A greater shift to a virtual workforce
The virtual workforce has definitely increased over the past few years, with 53% of CFOs planning to increase telecommuting at their companies. So, if you don’t work or operate at least semi-virtually, you more than likely will be doing some sort of virtual work in the future.
Although a virtual workforce has it’s pros and cons, the fact is that virtual workforces work just as well as traditional environments, while offering a better work-life balance, something that many of us are trying to achieve. Management just needs to take the time to plan, manage, and engage teams to ensure goals can be met in the most effective way.
Results matter to all of us, whether we’re entry-level or a high-ranking CEO. However, we believe that in 2012 we’ll see a greater shift towards results-driven cultures. With all the technology we have available, it’s now easier than ever to not only achieve our goals, but achieve them in the easiest way possible, both internally and externally.
A few ways you can do this include embracing social goals as a way to build rapport, proactively outlining every move, and of course, constant communication and feedback. If everyone is on the same page, it’s easier to achieve the results you want.

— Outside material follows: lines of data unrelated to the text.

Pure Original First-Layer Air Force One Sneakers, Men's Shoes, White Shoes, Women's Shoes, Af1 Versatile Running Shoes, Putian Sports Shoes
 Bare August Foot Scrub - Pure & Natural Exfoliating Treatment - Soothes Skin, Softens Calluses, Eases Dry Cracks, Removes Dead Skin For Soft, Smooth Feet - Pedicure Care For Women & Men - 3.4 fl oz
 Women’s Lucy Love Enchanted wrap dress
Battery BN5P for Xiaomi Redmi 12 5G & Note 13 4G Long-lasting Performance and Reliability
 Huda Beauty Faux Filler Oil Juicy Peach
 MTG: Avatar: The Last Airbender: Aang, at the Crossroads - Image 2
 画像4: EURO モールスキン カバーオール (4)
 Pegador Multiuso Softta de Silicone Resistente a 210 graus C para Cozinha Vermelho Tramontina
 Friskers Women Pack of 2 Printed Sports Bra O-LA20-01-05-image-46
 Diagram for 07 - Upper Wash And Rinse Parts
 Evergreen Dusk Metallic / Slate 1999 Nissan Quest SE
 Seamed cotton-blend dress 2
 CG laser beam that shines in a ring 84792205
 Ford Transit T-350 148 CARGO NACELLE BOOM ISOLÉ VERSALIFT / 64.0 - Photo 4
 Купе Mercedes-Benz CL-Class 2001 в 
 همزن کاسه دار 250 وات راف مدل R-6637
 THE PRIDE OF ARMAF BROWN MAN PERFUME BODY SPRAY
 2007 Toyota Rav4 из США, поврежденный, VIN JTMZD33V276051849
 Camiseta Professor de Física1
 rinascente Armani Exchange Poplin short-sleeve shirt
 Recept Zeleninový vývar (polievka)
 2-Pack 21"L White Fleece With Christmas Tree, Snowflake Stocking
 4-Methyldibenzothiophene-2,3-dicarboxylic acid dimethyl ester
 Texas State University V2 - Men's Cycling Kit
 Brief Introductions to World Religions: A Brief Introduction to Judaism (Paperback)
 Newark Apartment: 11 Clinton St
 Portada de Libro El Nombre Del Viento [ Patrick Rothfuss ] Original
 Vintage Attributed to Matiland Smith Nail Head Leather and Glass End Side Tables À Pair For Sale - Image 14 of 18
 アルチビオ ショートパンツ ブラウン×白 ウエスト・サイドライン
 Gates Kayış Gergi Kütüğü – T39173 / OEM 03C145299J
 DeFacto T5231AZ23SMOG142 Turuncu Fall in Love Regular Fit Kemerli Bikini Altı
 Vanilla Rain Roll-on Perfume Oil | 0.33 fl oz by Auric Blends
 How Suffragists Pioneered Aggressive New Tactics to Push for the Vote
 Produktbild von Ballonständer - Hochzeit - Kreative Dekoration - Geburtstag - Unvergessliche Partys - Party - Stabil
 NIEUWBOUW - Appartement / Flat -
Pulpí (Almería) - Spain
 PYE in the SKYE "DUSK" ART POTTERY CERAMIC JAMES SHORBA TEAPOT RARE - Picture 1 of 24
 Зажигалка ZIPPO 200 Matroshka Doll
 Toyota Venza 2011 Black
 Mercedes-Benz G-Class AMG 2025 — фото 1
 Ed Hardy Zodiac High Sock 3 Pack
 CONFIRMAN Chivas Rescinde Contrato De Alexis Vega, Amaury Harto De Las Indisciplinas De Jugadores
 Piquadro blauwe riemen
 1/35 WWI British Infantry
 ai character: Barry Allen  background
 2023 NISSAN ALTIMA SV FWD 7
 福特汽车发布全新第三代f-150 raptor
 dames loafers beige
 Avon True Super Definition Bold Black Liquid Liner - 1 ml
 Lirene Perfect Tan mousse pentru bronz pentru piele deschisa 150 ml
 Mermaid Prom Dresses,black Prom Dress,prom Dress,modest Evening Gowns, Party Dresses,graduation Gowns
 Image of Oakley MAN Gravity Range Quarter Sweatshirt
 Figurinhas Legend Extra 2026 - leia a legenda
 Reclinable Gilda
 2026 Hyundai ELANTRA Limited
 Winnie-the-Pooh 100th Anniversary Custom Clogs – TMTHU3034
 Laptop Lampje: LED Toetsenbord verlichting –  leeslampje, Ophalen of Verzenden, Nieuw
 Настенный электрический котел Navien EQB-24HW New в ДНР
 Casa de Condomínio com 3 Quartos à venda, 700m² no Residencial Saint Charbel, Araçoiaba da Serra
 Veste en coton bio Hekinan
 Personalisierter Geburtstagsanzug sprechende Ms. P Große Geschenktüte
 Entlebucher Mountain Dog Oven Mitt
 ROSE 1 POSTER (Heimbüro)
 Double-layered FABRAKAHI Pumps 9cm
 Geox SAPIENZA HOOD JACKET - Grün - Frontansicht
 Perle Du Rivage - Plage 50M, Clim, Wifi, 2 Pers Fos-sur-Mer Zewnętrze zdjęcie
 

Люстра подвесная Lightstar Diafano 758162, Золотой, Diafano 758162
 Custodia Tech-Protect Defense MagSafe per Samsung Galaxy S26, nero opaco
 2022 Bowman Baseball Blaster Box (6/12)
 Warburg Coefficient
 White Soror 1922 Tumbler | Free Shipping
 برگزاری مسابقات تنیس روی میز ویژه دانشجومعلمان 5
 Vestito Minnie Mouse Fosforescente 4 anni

The growth of empowerment and engagement
Sometimes, employees just need a little motivation. By empowering your workforce, whether they are virtual or in a traditional environment, you give them a reason to do their best. You don’t have to give a passionate speech every morning. You just have to help your team feel important and worth something, as opposed to just being a number.
At the same time, it’s important to engage with your team. After all, job satisfaction starts with feeling appreciated. So, if you want to keep the best employees, you have to learn how to engage with them. Today’s workforce almost expect it, with things like social software and collaboration being high ranking. Learn who they are, what projects are best suited for them, and keep them in the loop. By keeping that attention, and building that trust, you create a more open relationship.
Increased social performance
The traditional way performance management is run won’t work for much longer and in 2012, we’ll see an increased shift toward social performance. See, subjective appraisals based on how an employee operates isn’t the best way to critique when our roles are continuously changing, particularly things like goals. Plus, traditional performance reviews basically measure employee capabilities, something that should have been assessed during the hiring process.
Instead of measuring things like what an employee achieved during X amount of months, social performance will allow management to engage with the already capable employee with vision and empowerment, as well as consistent tools and feedback, to help everyone reach their goals.
The role of management will continue to evolve. In 2012, we’ll see more organizational structures with flattened hierarchy. That is, a more equal workforce. So, instead of seeing the all-powerful manager, will see manager’s becoming more like coaches, setting the bar high and motivating employees to get the job done without that preconceived iron fist.
In addition, a flattened hierarchy also means that full transparency must happen. Transparency describes how easily updates and information flows throughout an organization and it essentially depends on open and honest managers. When it comes down to it, communication and corporate goals can positively impact how employees work, both individually and in teams, which leads to greater competitiveness—and greater success.
Agile work and agile performance
At it’s core, agile work and agile performance is offering real-time, continuous feedback. This type of management offers constant feedback rather than quarterly or yearly reviews. Instead, focus on innovation which creates business value by helping all team members see how their job impacts other departments and getting real-time feedback. When employers see the bigger picture, and their role in it, it proves for a better work environment.
What do you think? What are your 2012 workforce predictions?